Per me, pugliese in esilio volontario, vedere un film di Sergio Rubini è sempre un'emozione.
Mi era successo già - e forse ancora di più - con La terra; la conferma arriva ora da L'uomo nero.
Non v'è dubbio sul fatto che Rubini, ormai più che cinquantenne e da una vita ormai lontano dalla sua terra d'origine, la Puglia, stia vivendo una fase di rivisitazione e riappropriazione delle proprie radici, quelle radici forse a lungo disconosciute e ad un certo punto ritornate prepotentemente alla ribalta del proprio vissuto e del proprio percorso emotivo.

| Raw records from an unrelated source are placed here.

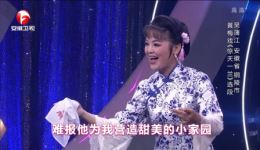 惊天一兰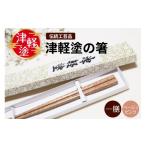 食器 グラス 箸 津軽塗箸 一膳 桜 ピンク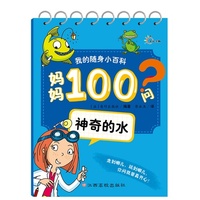 神奇的水-妈妈100问?-我的随身小百科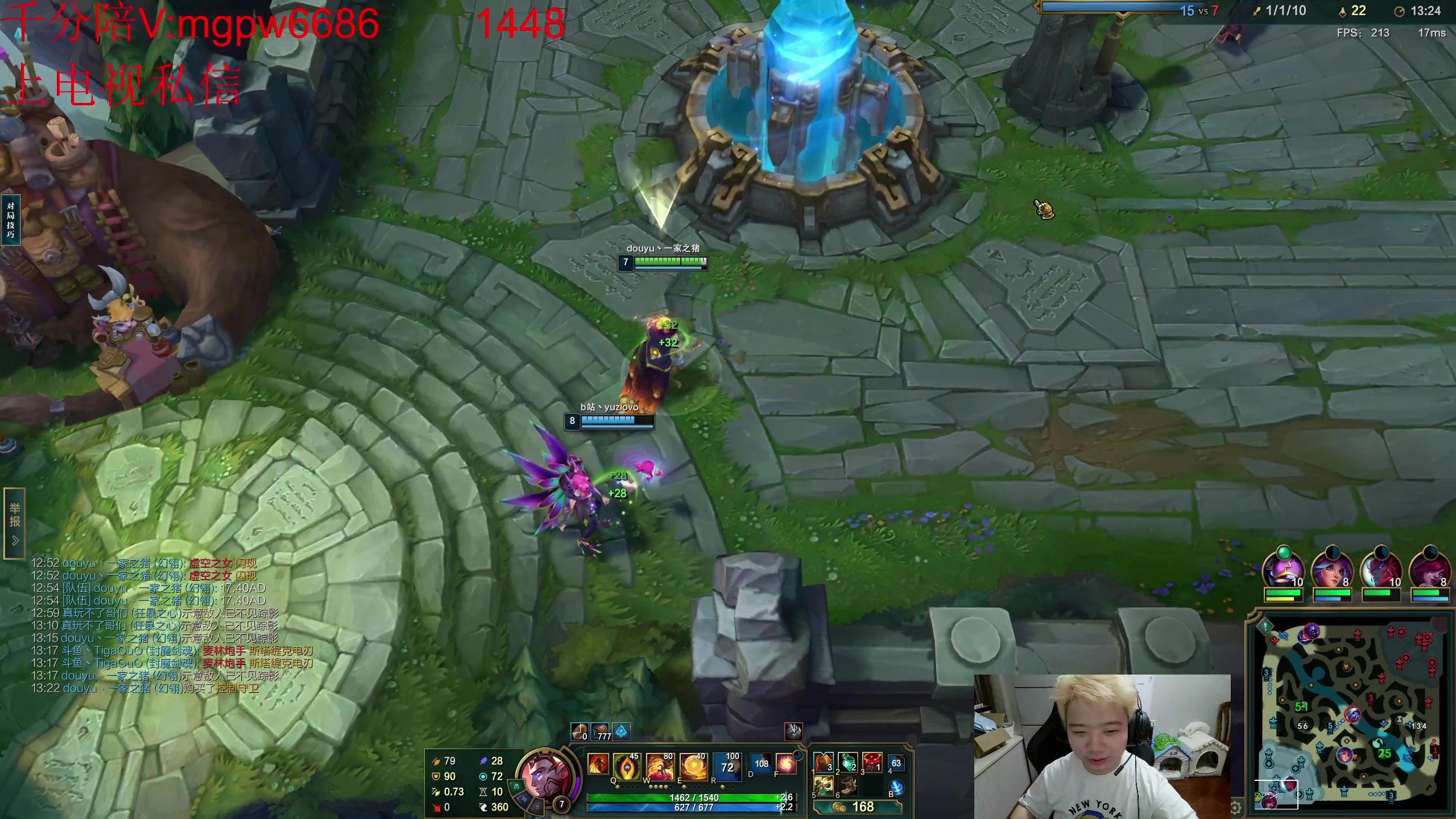 【2023-08-18 17点场】一家之猪ovo：峡谷之巅王者局 周6双倍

Due cose in particolare mi piace sottolineare: da un lato, il fatto che l'alter ego di Rubini in questi film (qui Fabrizio Gifuni, ne La terra Fabrizio Bentivoglio) vengano sempre rappresentati come persone che hanno fatto fortunate carriere e con un grande successo personale, ma tendenzialmente scialbe, incolore, prive di un'identità vera, che solo la conciliazione con la propria terra fa rivivere. Dall'altro lato, è assolutamente interessante lo sguardo di questi esuli, che certamente colgono della propria realtà originaria molte sfumature che chi ci ha sempre vissuto non è in grado di vedere, ma, nel processo di elaborazione e filtro operato dalla memoria, in qualche maniera fissano la realtà a un momento passato e così continuano a vederla, perdendo in parte la capacità di coglierne l'evoluzione.

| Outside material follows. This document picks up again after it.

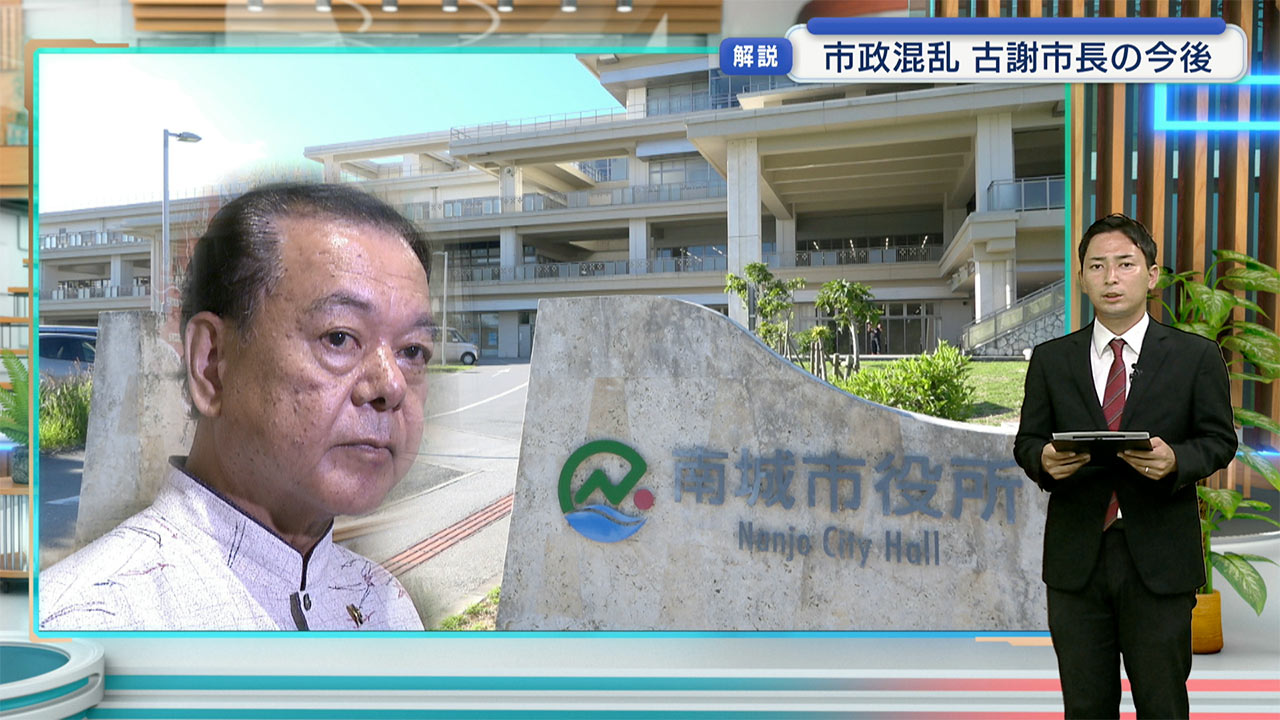「このまま辞職すると事実として認めることになる」古謝南城市長が議会解散 11月9日に市議選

Capisco, dunque, anche perché chi va a vedere i film di Rubini senza avere alle spalle un vissuto emotivo in qualche misura comparabile può apprezzare l'invenzione narrativa e la bravura degli interpreti, ma tutto sommato non riesce a coglierne messaggi realmente generalizzabili. E così sicuramente il piccolo Guido Giaquinto è bravo e fa tenerezza, Rubini, Scamarcio e la Golino tengono molto bene la scena ed evitano ai loro personaggi il macchiettismo, però solo a chi questo percorso lo ha vissuto sulla propria pelle il film permette di vivere un'avventura emotiva forte.
Non possiamo non provare una stretta al cuore quando lo zio Pinuccio dice al piccolo Gabriele: "Le cose a volte non sono come sembrano", perché bisogna avere la pazienza di aspettare che disvelino la loro vera natura.
E forse anche questa nostra insensata vita che ci allontana per riavvicinarci, che prima ci fa inseguire la nostra identità lontano dai luoghi e dalle persone della nostra infanzia, perché solo la distanza ci fa capire ciò che ci differenzia, alla fine ci fa ritornare lì dove tutto è cominciato, perché solo lì capiamo ciò che inesorabilmente ci appartiene e ci dà continuità.